> **Aim of the exercise**
Working from the records below, repeat exactly the lines starting at the line that contains "1005 17th Street NW Puyallup WA 98371" and ending at the line that contains "Photo 20 Volkswagen", inclusive.

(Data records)
----------------------------------------
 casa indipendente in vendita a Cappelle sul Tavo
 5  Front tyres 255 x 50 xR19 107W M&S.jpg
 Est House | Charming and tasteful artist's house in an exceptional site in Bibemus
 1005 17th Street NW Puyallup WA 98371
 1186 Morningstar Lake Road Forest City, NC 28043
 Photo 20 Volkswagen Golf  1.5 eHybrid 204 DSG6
----------------------------------------
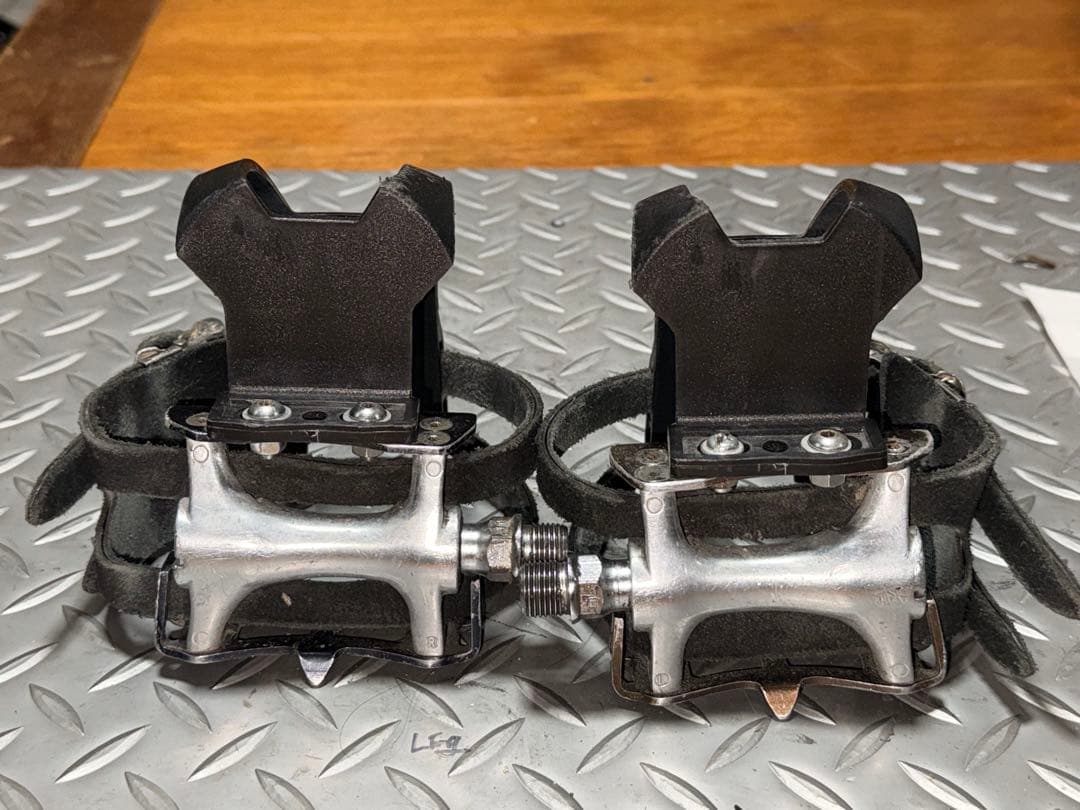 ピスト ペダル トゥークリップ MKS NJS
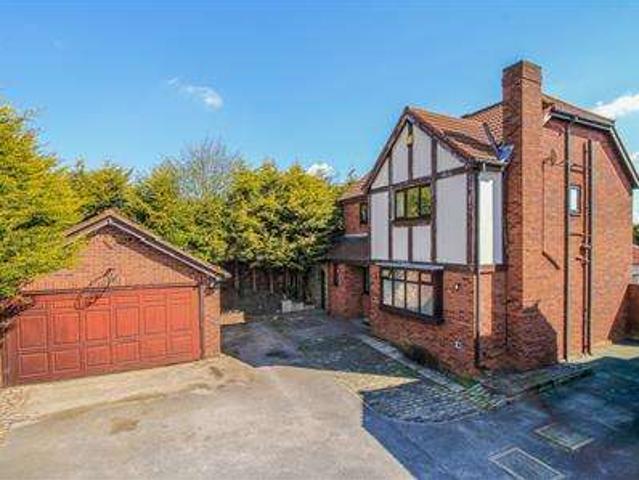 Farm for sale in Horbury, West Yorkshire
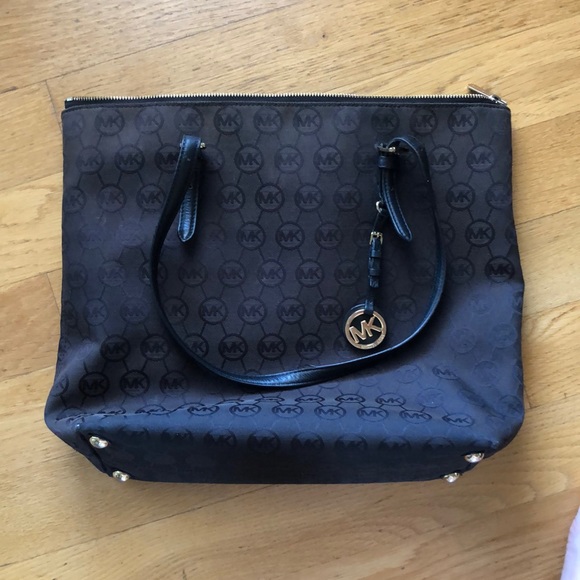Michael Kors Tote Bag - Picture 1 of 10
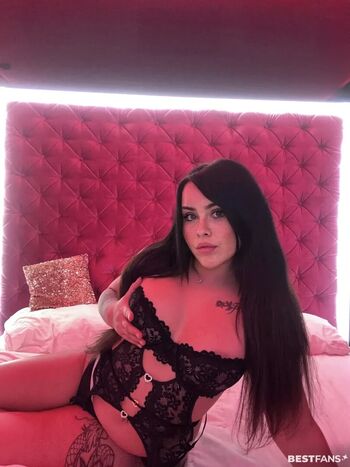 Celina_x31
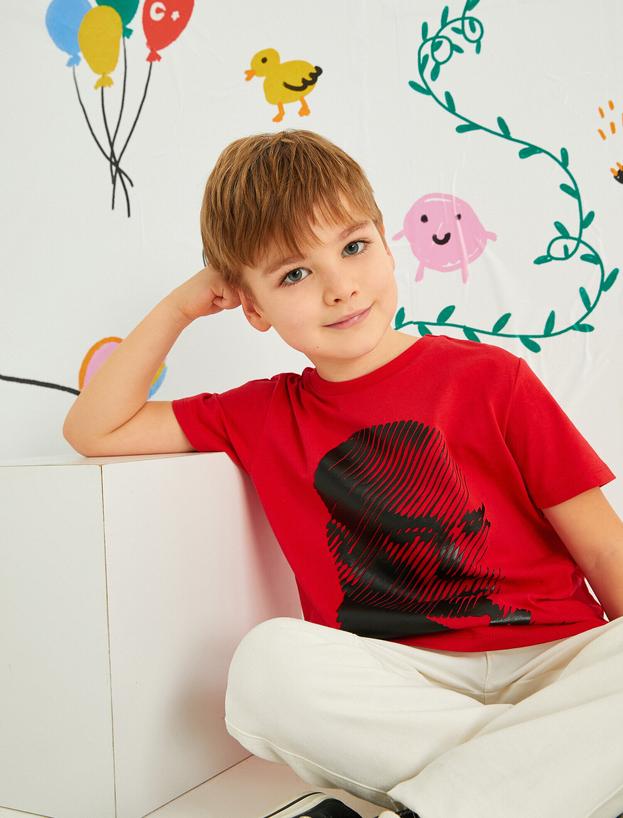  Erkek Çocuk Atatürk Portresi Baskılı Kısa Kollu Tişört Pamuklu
----------------------------------------
> **Response to this exercise**
 1005 17th Street NW Puyallup WA 98371
 1186 Morningstar Lake Road Forest City, NC 28043
 Photo 20 Volkswagen Golf  1.5 eHybrid 204 DSG6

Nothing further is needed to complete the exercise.